Problem: The answer must repeat each line of the material exactly.
··· Raw data ···
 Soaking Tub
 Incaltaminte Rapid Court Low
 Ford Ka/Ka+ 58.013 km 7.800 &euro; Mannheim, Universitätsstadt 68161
···
Answer space:
 Soaking Tub
 Incaltaminte Rapid Court Low
 Ford Ka/Ka+ 58.013 km 7.800 &euro; Mannheim, Universitätsstadt 68161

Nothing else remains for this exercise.